Contributes to consolidating sustainability as part of the Company’s organizational culture, proposing goals and actions for sustainable development. Stimulates initiatives and evaluates requests for support of actions benefiting communities in regions where ENGIE Brasil Energia has its operations.

Special Independent Committee for Transactions with Related Parties

Installed by the Board of Directors whenever the Company intends to negotiate any transaction with related parties. The Committee is predominantly made up of representatives of the minority shareholders with seats on the Board of Directors and has the responsibility of analyzing, negotiating and recommending (or otherwise) the execution of transactions with related parties.

Ethics Committee

Responsible for disclosing, applying and monitoring the pillars of ethical behavior established by the Company with a view to preventing ethical risk and fostering good professional practices in line with ENGIE Brasil Energia commitments.

Codes and policies

ENGIE Brasil Energia’s corporate codes and policies express corporate values and the organizational culture, establishing markers for the conduct of the businesses as well as the relationship with the different stakeholders with which the Company interacts. These documents are developed, reviewed and updated periodically to ensure their compatibility with external and internal scenarios.

In 2016, ENGIE Brasil Energia published its Ethics Policy, which is complementary to the Code of Ethics. The document establishes guidelines for the incorporation of ethical principles into the Company’s strategy, management and professional practices, providing guidance for actions in all places and under all circumstances according to corporate values and in compliance with current legislation and regulations. Again, in 2016, the Board of Directors approved a new Opportunities and Risk Management Policy. GRI G4-56

THE NEW OPPORTUNITIES AND RISK MANAGEMENT POLICY WAS APPROVED BY THE BOARD IN 2016.

Shared Policies

The corporate policies and codes shared with the stakeholders and available from the website are:

Ethics Code

A series of fundamental principles to be followed by all who directly or indirectly are involved in actions of responsibility at the Company.

Environmental Code

Establishes the Company’s commitments with the environment and sustainable development.

ENGIE’s Policy for Sustainable Management

Expresses the Company’s guidelines with respect to quality, the environment, occupational health and safety, social responsibility and energy management.

ENGIE’s Policy on Climate Change

Establishes commitments and actions for contributing to the mitigation of and adaptation to climate change.

Human Rights Policy

Establishes commitments and guidelines focusing on the Company’s projects, operations and value chain.

Stakeholder Engagement Policy

Details the procedures to be adopted by the Company and its subsidiaries in the relationship with its stakeholders during the stages of development, implementation and operation of the projects under its responsibility.

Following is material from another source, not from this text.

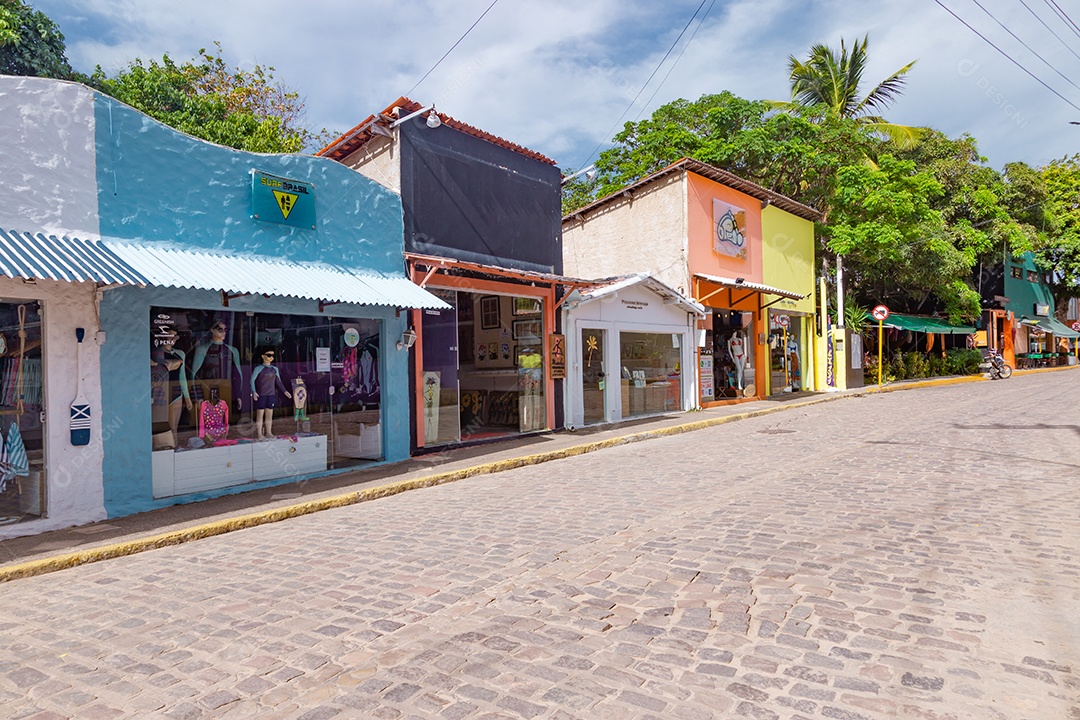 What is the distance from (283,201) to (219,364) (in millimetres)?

Trading and Disclosure Policy

Lays down practices for disclosure and the use of corporate information as well as for the trading of securities issued by ENGIE Brasil Energia, such as shares and debentures.

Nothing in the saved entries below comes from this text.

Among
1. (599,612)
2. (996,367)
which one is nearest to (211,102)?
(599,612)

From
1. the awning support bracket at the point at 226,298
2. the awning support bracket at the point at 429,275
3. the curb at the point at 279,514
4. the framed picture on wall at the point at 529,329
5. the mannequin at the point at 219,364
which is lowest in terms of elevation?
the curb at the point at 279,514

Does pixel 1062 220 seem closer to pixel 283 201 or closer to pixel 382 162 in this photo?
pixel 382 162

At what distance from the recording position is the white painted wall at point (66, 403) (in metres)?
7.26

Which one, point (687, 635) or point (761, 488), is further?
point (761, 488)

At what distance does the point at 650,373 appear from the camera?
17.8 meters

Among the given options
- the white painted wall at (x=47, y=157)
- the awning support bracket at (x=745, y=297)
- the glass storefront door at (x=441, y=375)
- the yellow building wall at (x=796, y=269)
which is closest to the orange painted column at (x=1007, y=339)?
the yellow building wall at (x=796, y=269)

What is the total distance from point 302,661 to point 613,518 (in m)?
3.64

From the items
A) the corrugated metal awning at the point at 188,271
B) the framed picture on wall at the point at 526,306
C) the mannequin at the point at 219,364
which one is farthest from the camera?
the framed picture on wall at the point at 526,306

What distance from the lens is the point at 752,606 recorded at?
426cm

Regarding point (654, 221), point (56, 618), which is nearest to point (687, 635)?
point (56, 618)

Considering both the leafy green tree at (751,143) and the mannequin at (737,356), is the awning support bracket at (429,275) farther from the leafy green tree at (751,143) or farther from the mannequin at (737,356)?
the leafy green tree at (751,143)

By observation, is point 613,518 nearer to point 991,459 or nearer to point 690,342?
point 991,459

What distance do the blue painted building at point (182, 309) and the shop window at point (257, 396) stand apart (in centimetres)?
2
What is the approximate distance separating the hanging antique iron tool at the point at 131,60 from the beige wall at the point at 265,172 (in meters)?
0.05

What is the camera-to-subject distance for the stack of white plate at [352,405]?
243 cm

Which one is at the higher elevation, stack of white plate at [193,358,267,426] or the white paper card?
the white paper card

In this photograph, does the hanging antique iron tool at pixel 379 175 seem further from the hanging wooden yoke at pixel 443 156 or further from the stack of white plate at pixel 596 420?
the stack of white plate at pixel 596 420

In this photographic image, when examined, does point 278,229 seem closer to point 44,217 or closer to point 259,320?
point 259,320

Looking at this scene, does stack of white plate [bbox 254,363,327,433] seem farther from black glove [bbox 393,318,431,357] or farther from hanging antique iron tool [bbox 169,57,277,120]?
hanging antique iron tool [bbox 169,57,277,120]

Investments and Derivatives Policy

Establishes the criteria for investing available resources in the financial market and limits on the use of derivatives.

Ethics and integrity

With the Board’s approval of the Policy for Combating Bribery and Corruption, ENGIE Brasil Energia underscored its commitment to ethics and integrity in 2016. In the document shared with employees, suppliers and other stakeholders, the Company sets out guidelines, which repudiate corrupt practices at any level of relationship. It reiterates that corruption and bribery are contrary to ENGIE Brasil Energia’s ethical principles and that the Company will not tolerate such behavior under any circumstances in any of its business activities whether with public or private sectors. GRI G4-56

The Policy also provides guidance on the mechanism to be adopted in denouncing unethical or unlawful behavior, establishing the Ethics Committee as the prime and confidential channel for receiving such complaints. The Committee also has the responsibility for the strict monitoring of all the Company’s preventive policies, procedures and processes for precluding corruption and bribery. GRI G4-57; G4-58

ENGIE Brasil Energia employs regular practices for ensuring compliance with the new Policy as well as the Code of Ethics directed towards prevention and verification of situations of risk and improper events. Such practices include processes of due diligence, auditing, programs for training and increased awareness, contractual provisions and an internal program for controlling the Company’s activities. ENGIE Brasil Energia provides the following channels for information, guidance or whistle blowing when ethical principles and compliance are thought to have been infringed:

  • Website - for whistleblowing either on an anonymous or identified basis

  • Email: [email protected] - for messages where the author is identified.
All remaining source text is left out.